● **Exercise goal**
Repeat, word for word and with nothing added, each line from the one containing "Audi Q8 55 TFSI Hybride Quattro" to the final line of the data, keeping both ends. Pictures are not part of the copy.

== == ==

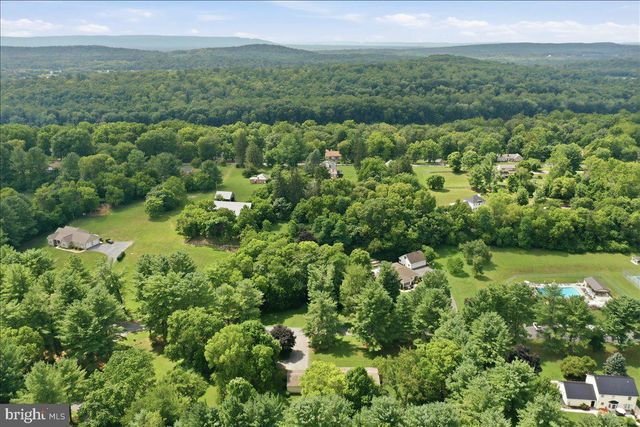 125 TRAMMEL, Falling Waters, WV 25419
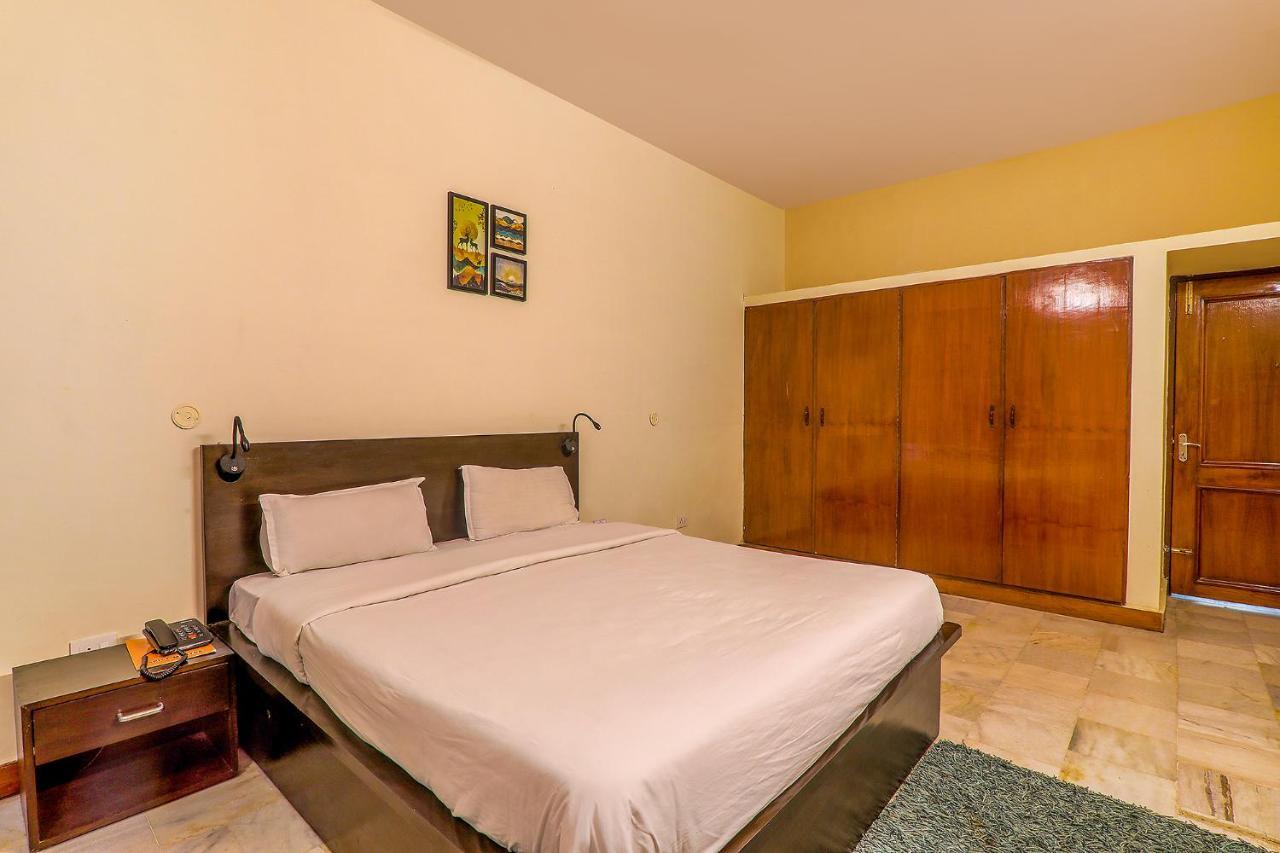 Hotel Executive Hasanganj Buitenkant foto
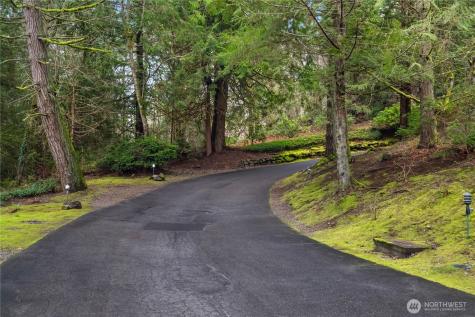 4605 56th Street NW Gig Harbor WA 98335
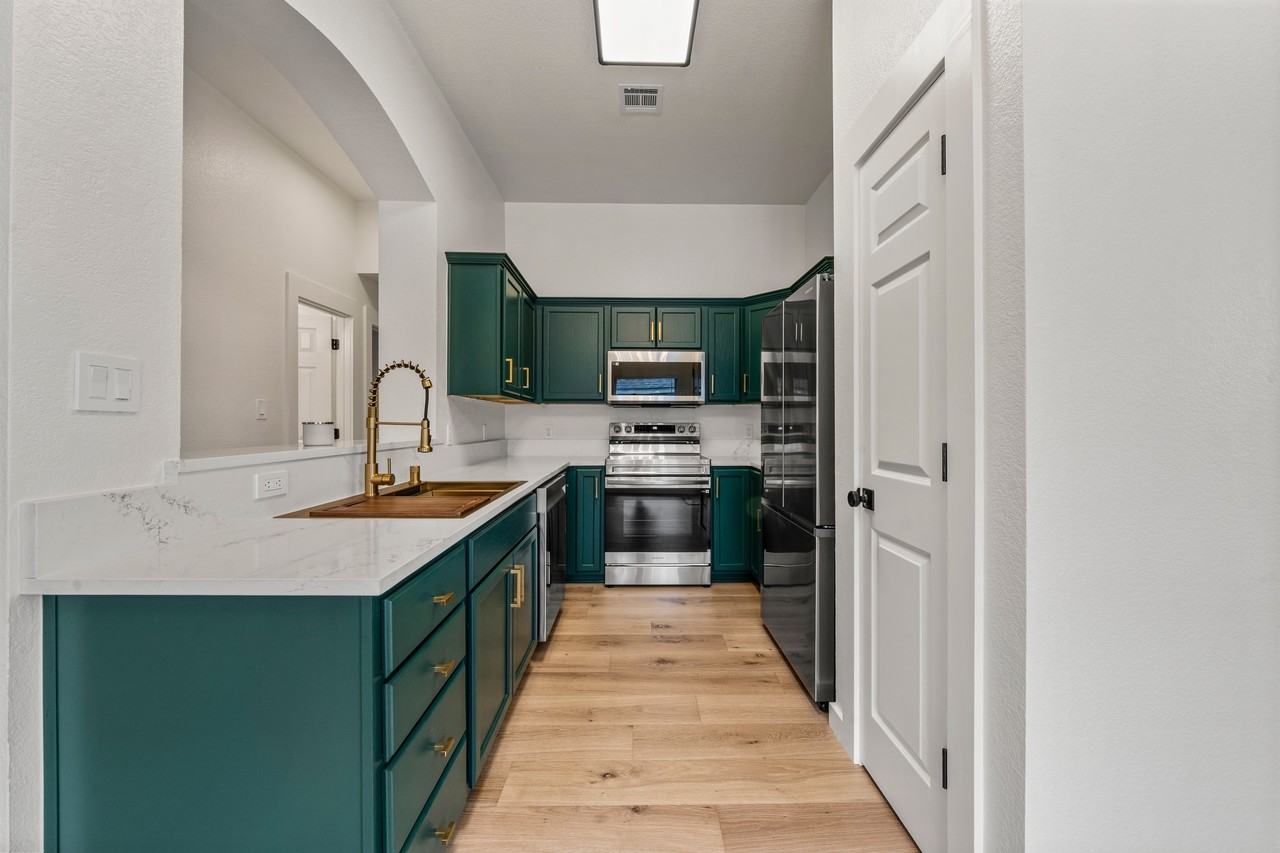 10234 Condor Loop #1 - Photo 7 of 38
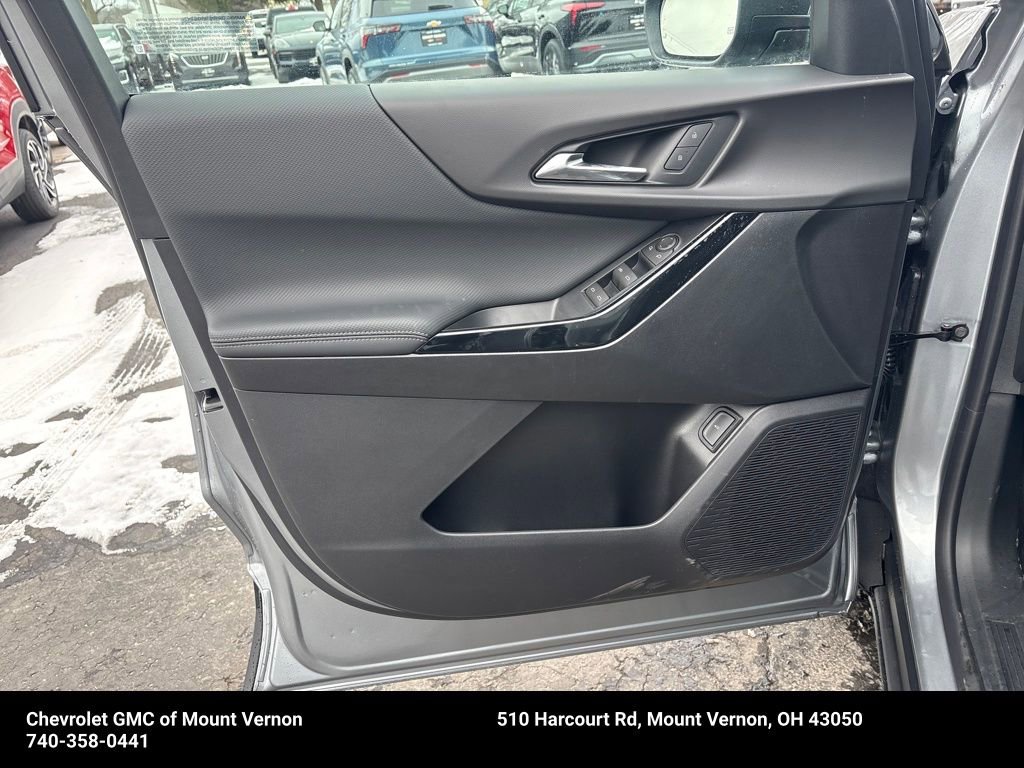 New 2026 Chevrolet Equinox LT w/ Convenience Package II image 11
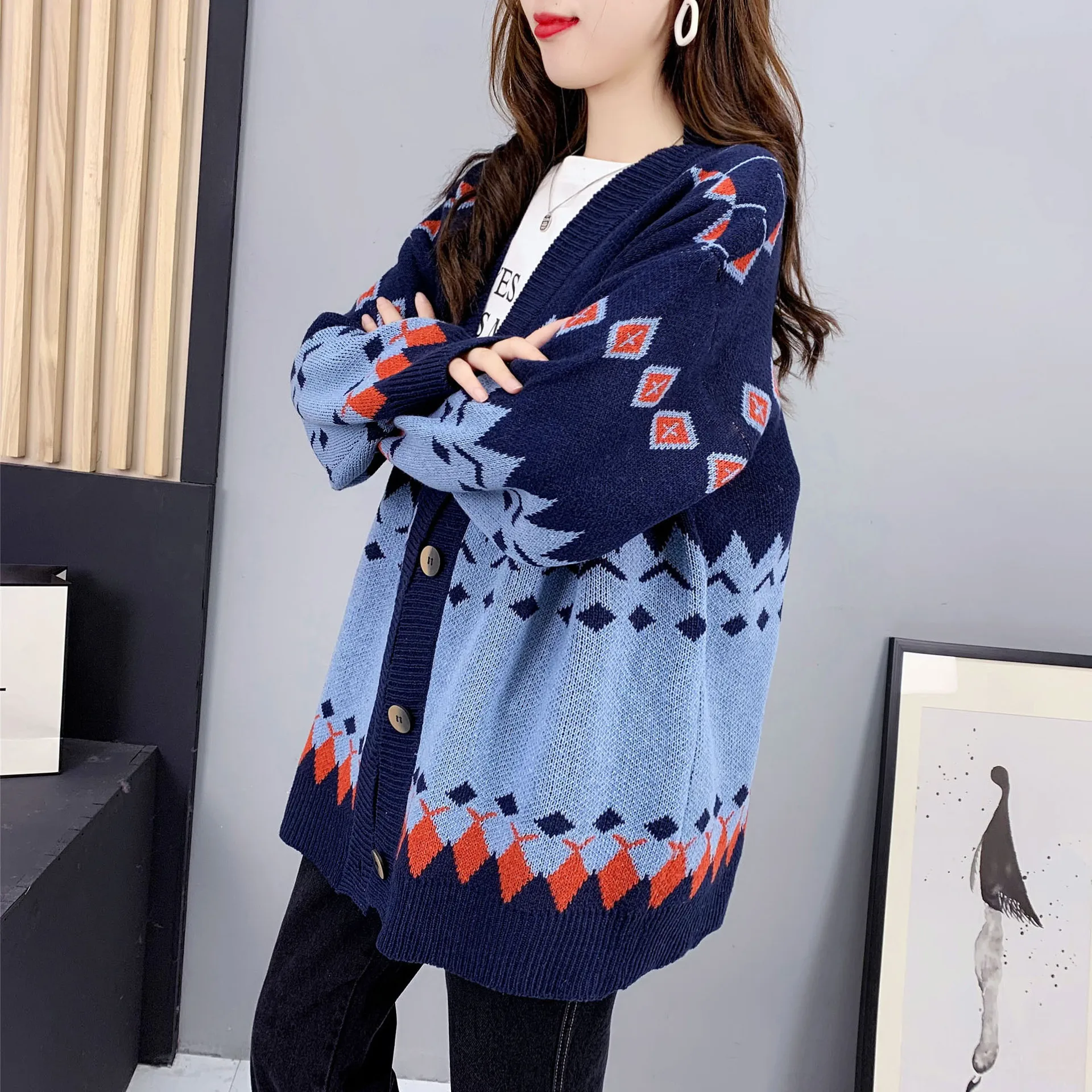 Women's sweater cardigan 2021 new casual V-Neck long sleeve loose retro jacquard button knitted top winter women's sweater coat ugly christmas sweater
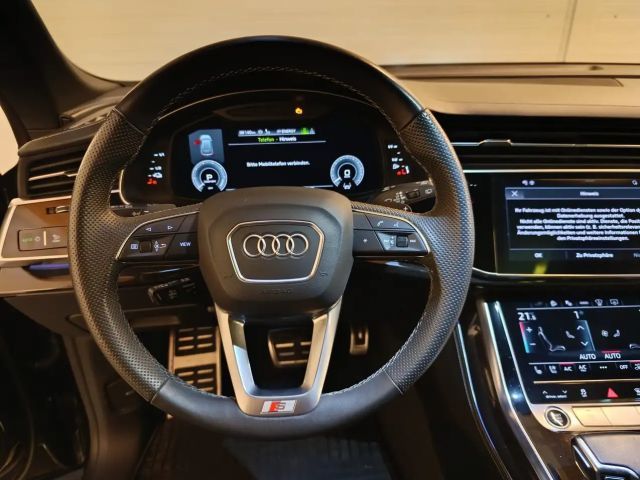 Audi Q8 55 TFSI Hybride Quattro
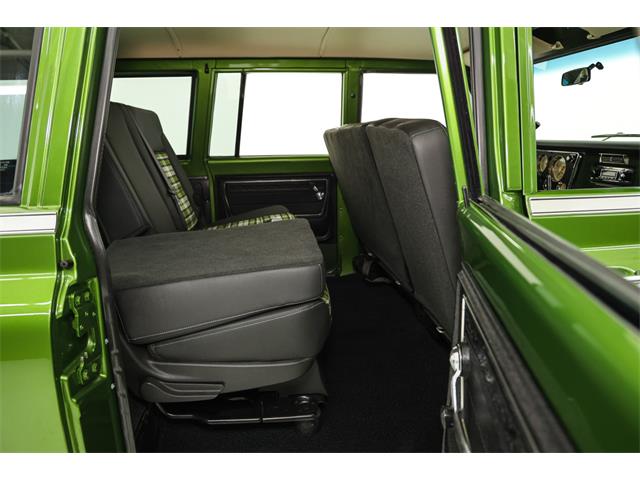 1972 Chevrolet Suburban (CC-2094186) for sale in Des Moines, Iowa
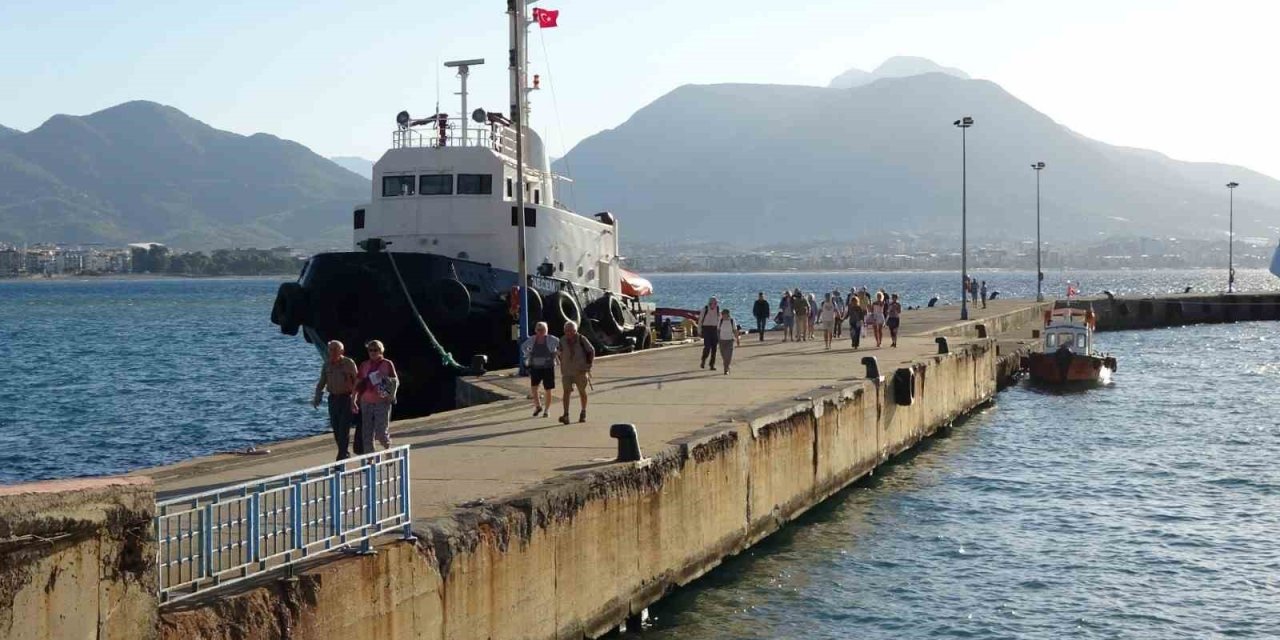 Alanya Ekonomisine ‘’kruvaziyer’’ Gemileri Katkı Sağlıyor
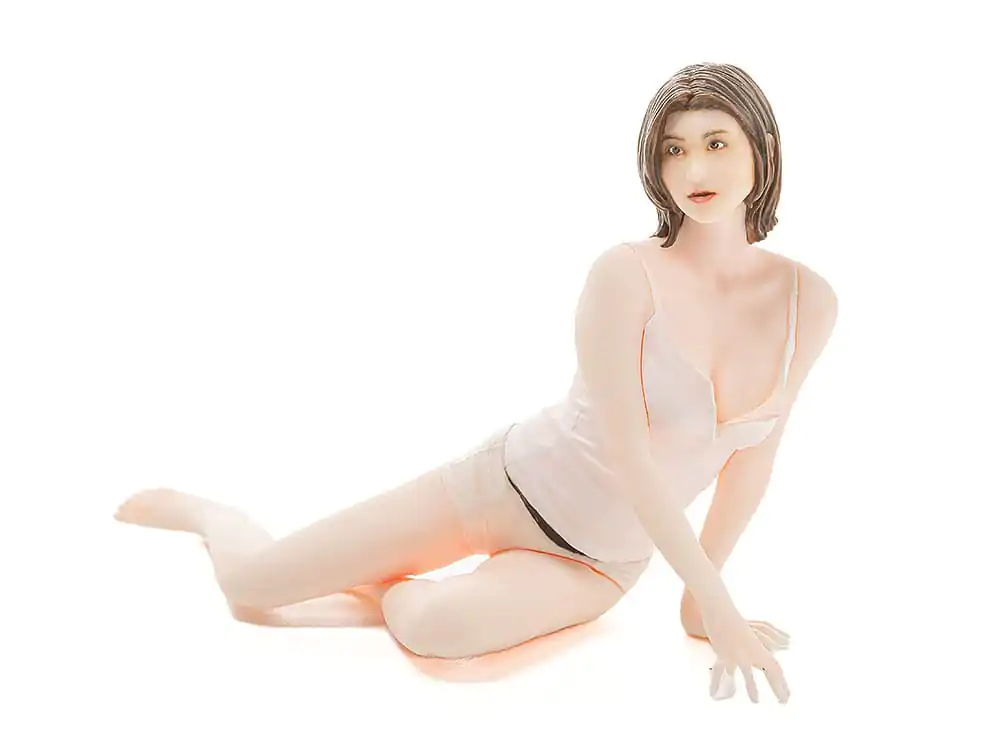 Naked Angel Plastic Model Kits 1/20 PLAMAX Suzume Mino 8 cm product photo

== == ==

● **Task answer**
 Audi Q8 55 TFSI Hybride Quattro
 1972 Chevrolet Suburban (CC-2094186) for sale in Des Moines, Iowa
 Alanya Ekonomisine ‘’kruvaziyer’’ Gemileri Katkı Sağlıyor
 Naked Angel Plastic Model Kits 1/20 PLAMAX Suzume Mino 8 cm product photo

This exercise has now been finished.